Though I was dead, believe me, I still revived at your words
and my burden was laid down, the crime of my womb.
Why do you give thanks? Aeolus sits mid-palace:
our crimes must be hidden from our father’s eyes.
My diligent nurse hides the child among fruits,
and grey olive branches, and light sacred ribbons,
and pretends she’s making a sacrifice, says words of prayer:
the people give worship, the father himself steps aside.
Now she was nearly at the door.
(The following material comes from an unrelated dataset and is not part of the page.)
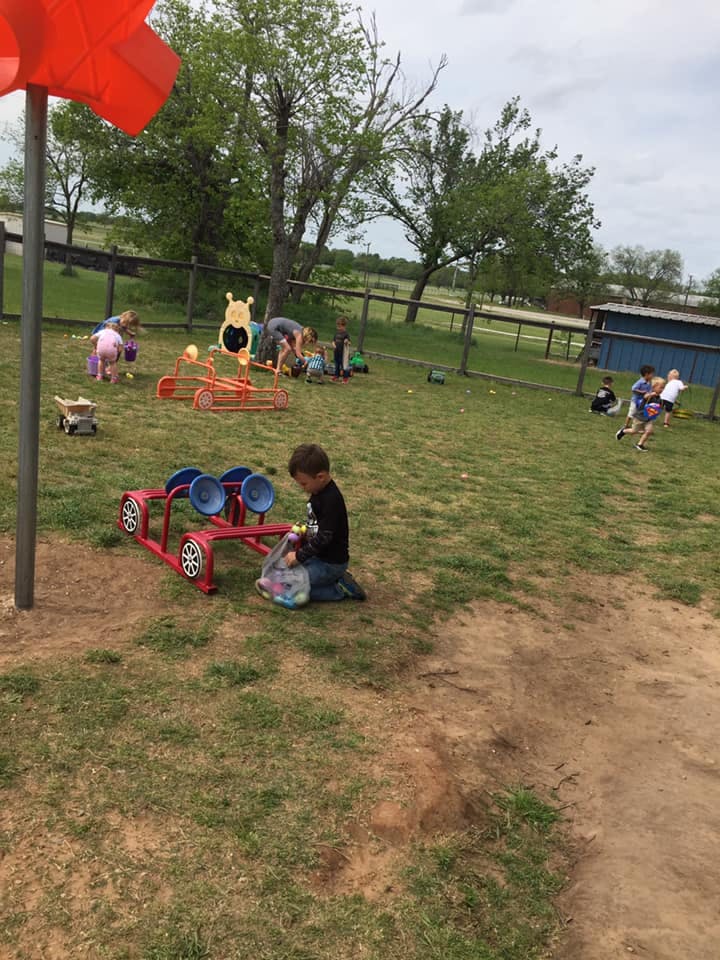 Child kneeling on grass next to a red toy car, holding a bag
A cry reached our father’s ears
and that betrayed signs of the child.
Aeolus snatched up my baby and revealed the false sacrifice.
The palace echoed to his furious voice.
As the sea trembles, when touched by a mild breeze,
as the ash twig shakes in a warm south wind,
so you might have seen my pale limbs quiver:
the bed was shaken by the body lying on it.
He forced his way in, and broadcast my shame by his shouts,
and scarcely kept his hands from my poor face.
I could do nothing but modestly pour out tears.
My tongue was frozen, numbed by icy fear.
And then he ordered that his little grand-child should be given
to the dogs and birds, abandoned in a lonely place.
The child began to scream with misery – could he have understood –
as though he could beseech his grandfather with his voice.
What do you think my feelings were, then, my brother,
(now you can collect your feelings yourself)
when my child was carried off by my enemy into the deep woods,
to be eaten by wolves from the mountains?
He left my room, then at last I beat my breasts
and proceeded to run my fingers through my hair.
Meanwhile one of father’s attendants came, with a mournful face,
and his mouth uttered shameful words:
‘Aeolus sends you this sword’– he delivered the sword –
‘and orders you to know his wish from its purpose.’
I know, and will use the violent weapon bravely:
I will sheathe father’s gift in my breast.
Do you give me this gift for my marriage, father?
Father, will your daughter be rich in this dowry?
Hymen, betrayed, take your marriage torches far from here,
and flee this impious house with troubled feet!
Furies bear the black torches you bear, to me,
and from those fires light my funeral pyre!
My happy sisters wedded to a better fate:
be lost to me but still remember me!
What did the child commit, in so few hours of life?
Scarcely born, by what act could he harm his grandfather?
If he can have merited death, he merited consideration:
ah, poor thing, punished for what I committed!
Child, your mother’s grief, a prey to devouring beasts,
ah me, your day of birth tears you apart,
child, sad pledge of my less than auspicious love,
this is your first day, this has been your last.
I could not let my rightful tears drench you,
nor cut a wisp of your hair to bear to the tomb:
I could not bend over you, and snatch an icy kiss:
ravenous wild beasts tear apart my baby.
I too, wounded, will follow the shade of my child:
I will not be called ‘mother’or ‘bereaved’for long.
Yet you, vain hope of your unhappy sister,
gather I beg you the scattered limbs of your son,
and bring them to their mother, place us in a shared tomb,
and let the narrow urn have whatever there is of us both!
Live on, remember us, and weep tears over my wound:
lover, do not shun the body of your lover.
You, I beg, obey the requests of the sister you loved too well!
I myself will obey our father’s order.